=== Begin Enclosure ===
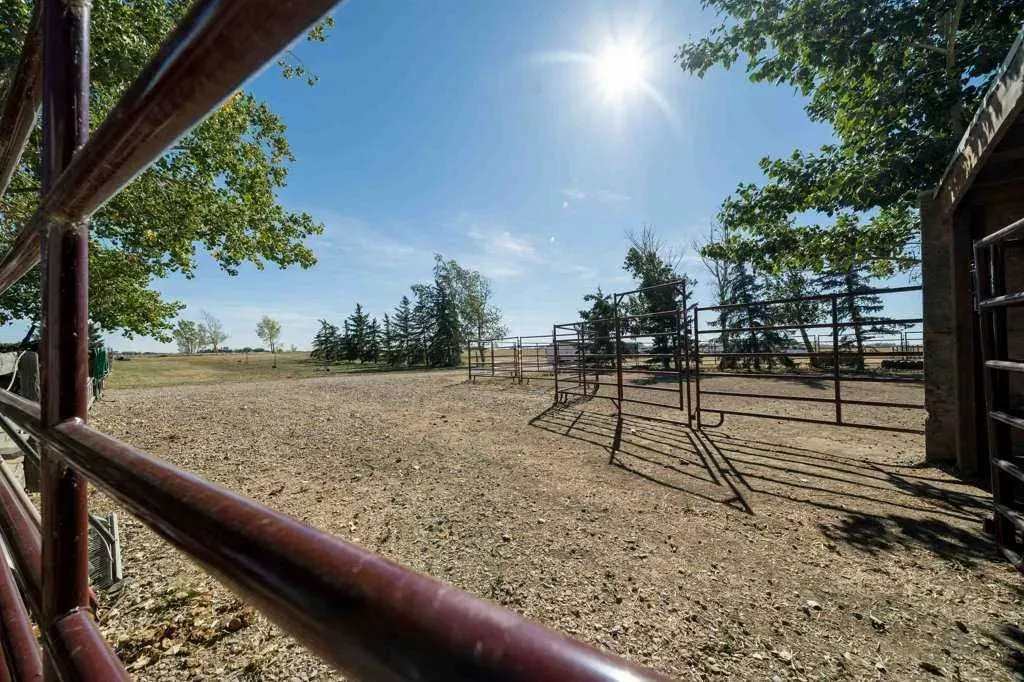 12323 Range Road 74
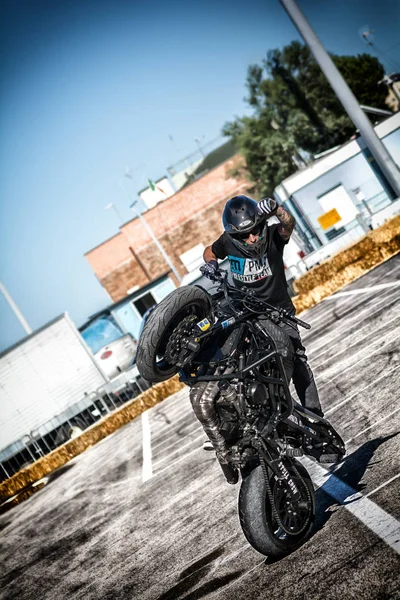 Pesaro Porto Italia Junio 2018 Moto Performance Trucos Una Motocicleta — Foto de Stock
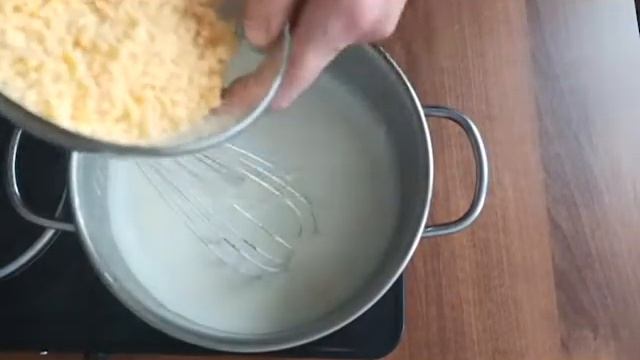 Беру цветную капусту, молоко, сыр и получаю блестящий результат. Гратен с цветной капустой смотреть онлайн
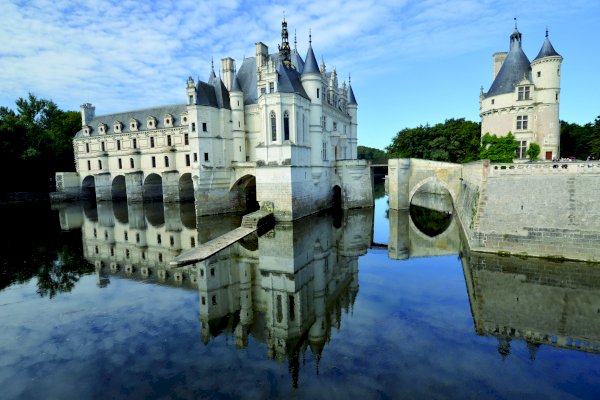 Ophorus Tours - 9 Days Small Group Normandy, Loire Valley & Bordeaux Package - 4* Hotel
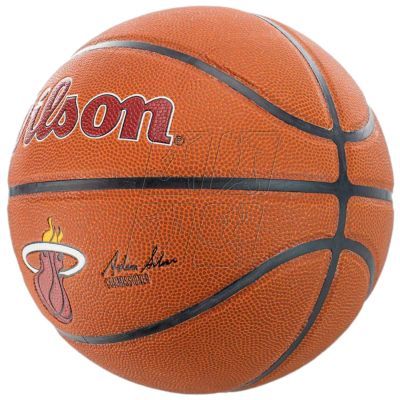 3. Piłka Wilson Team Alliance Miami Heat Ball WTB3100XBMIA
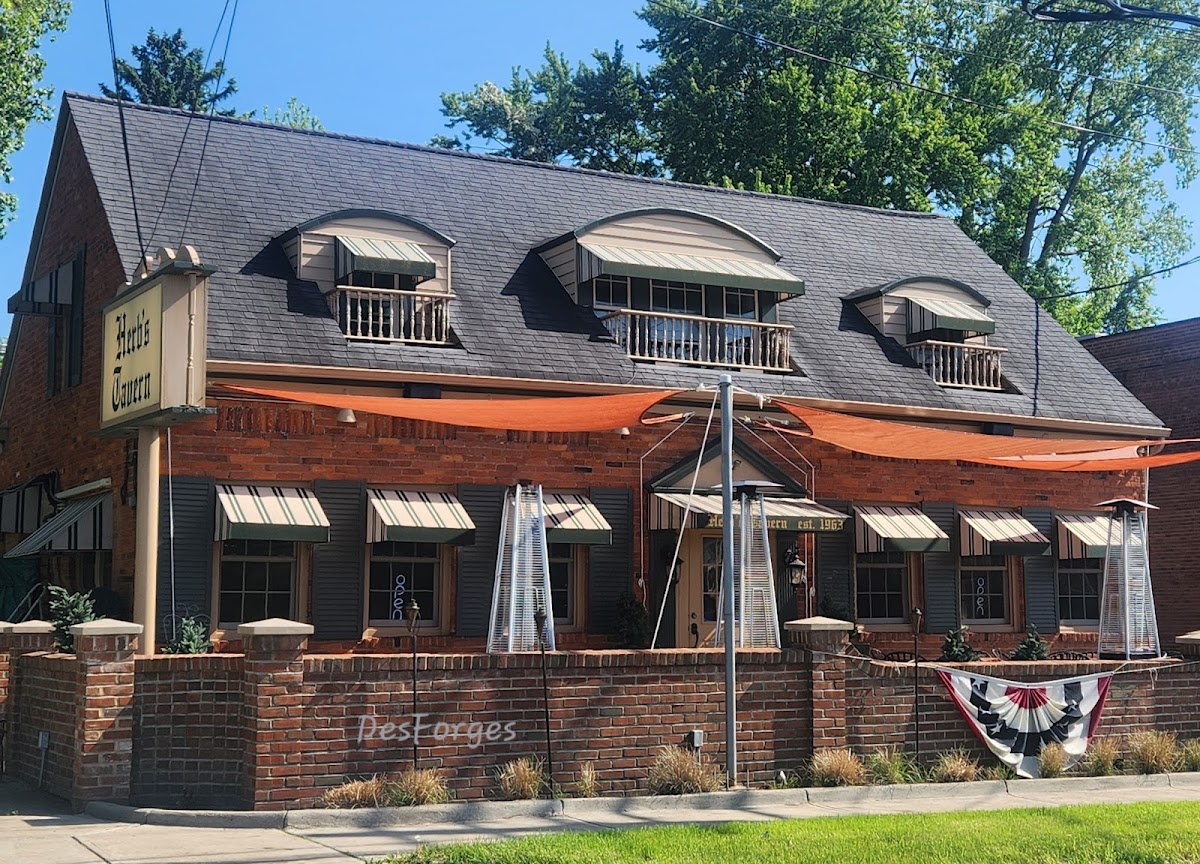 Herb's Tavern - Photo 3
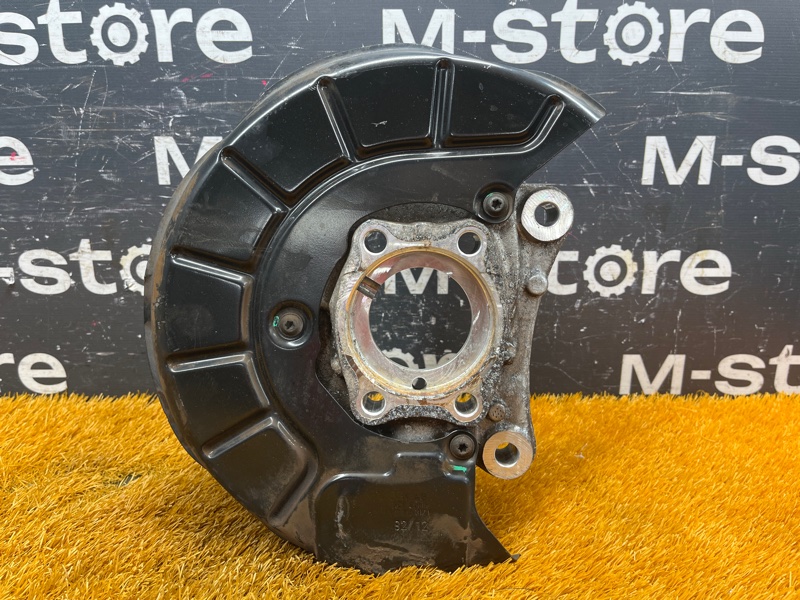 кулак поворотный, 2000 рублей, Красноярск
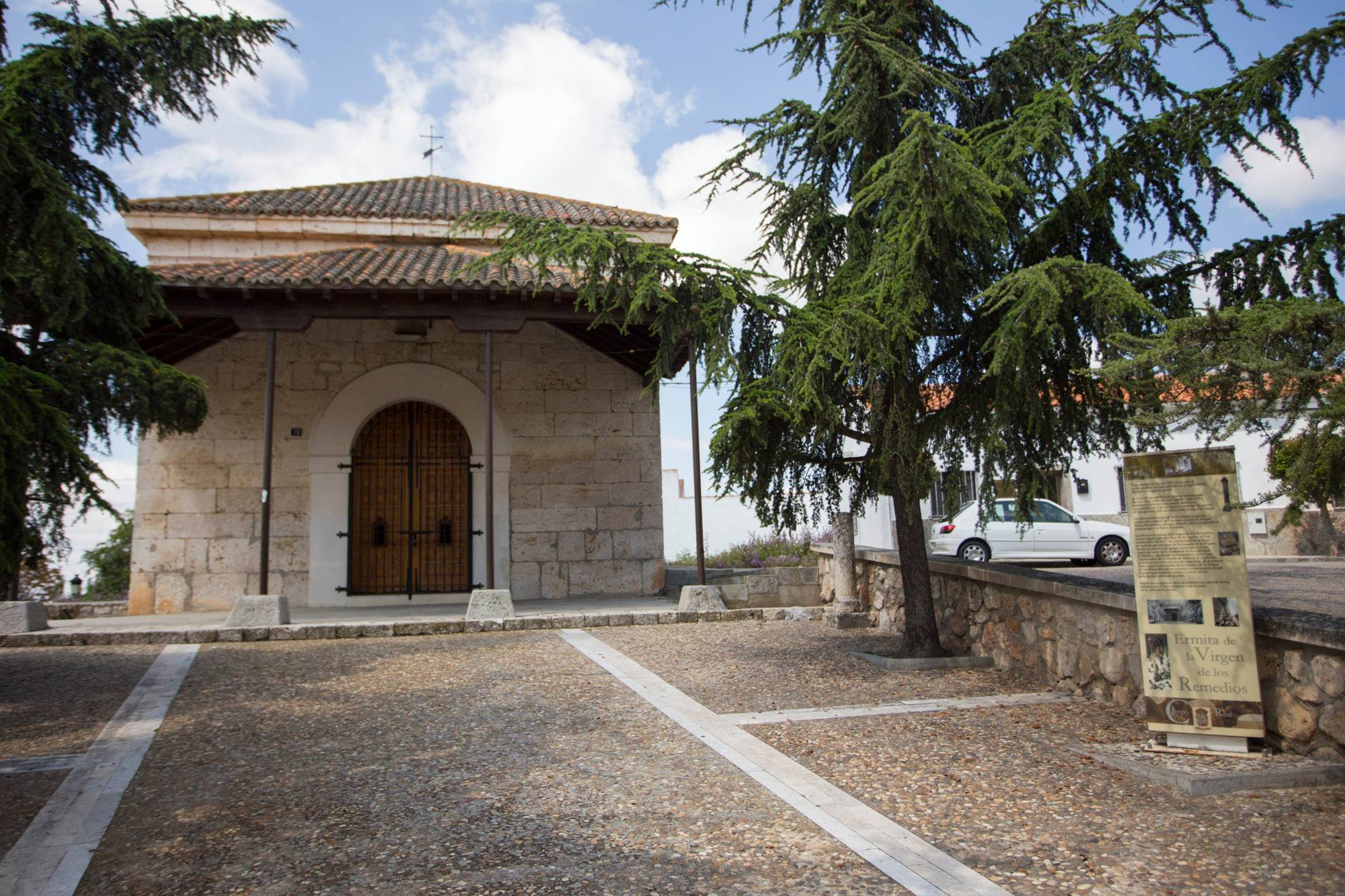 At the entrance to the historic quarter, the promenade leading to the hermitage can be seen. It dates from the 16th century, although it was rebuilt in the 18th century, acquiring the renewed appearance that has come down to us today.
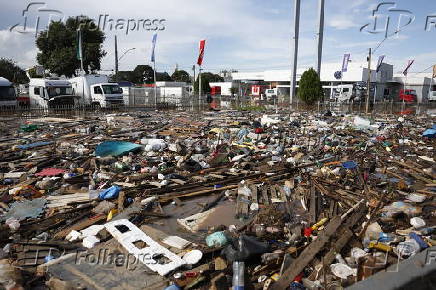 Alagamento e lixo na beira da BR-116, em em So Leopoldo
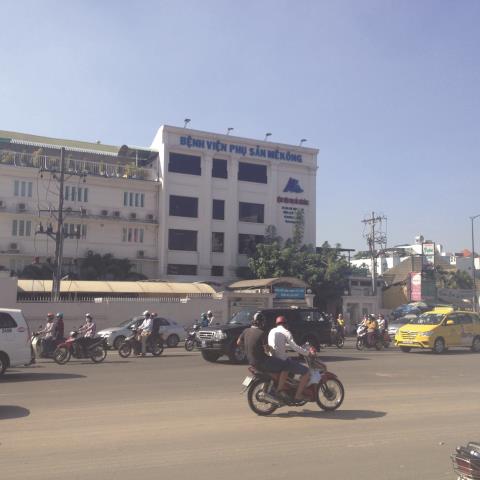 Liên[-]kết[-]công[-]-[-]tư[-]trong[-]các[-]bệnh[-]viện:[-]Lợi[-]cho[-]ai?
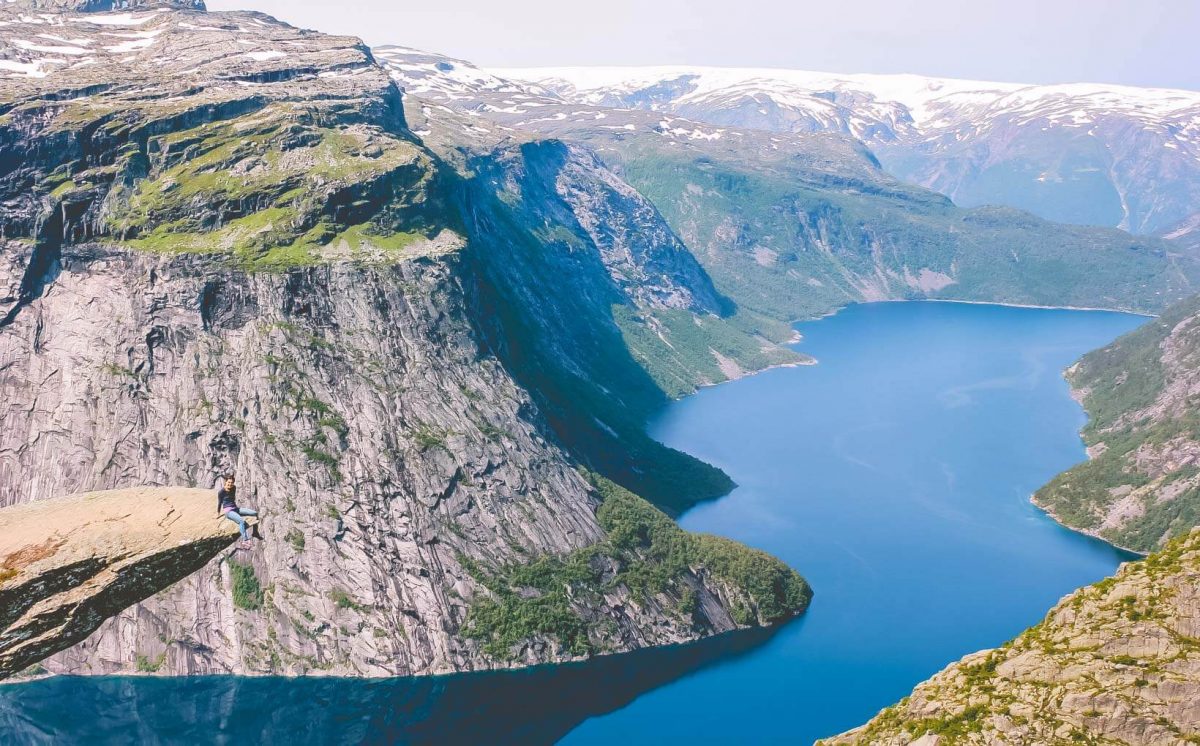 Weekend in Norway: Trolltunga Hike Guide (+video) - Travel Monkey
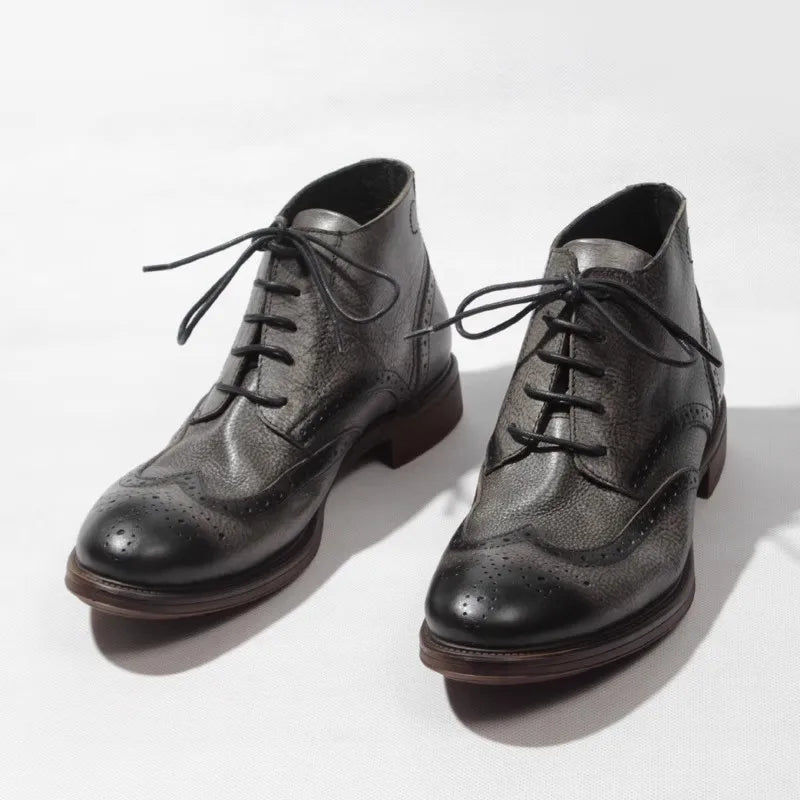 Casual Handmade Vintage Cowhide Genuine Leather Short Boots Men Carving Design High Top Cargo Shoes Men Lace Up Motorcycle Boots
=== End Enclosure ===
What you should do: The expected output is the complete listing, word for word, without any picture.

Solved problem:
 12323 Range Road 74
 Pesaro Porto Italia Junio 2018 Moto Performance Trucos Una Motocicleta — Foto de Stock
 Беру цветную капусту, молоко, сыр и получаю блестящий результат. Гратен с цветной капустой смотреть онлайн
 Ophorus Tours - 9 Days Small Group Normandy, Loire Valley & Bordeaux Package - 4* Hotel
 3. Piłka Wilson Team Alliance Miami Heat Ball WTB3100XBMIA
 Herb's Tavern - Photo 3
 кулак поворотный, 2000 рублей, Красноярск
 At the entrance to the historic quarter, the promenade leading to the hermitage can be seen. It dates from the 16th century, although it was rebuilt in the 18th century, acquiring the renewed appearance that has come down to us today.
 Alagamento e lixo na beira da BR-116, em em So Leopoldo
 Liên[-]kết[-]công[-]-[-]tư[-]trong[-]các[-]bệnh[-]viện:[-]Lợi[-]cho[-]ai?
 Weekend in Norway: Trolltunga Hike Guide (+video) - Travel Monkey
 Casual Handmade Vintage Cowhide Genuine Leather Short Boots Men Carving Design High Top Cargo Shoes Men Lace Up Motorcycle Boots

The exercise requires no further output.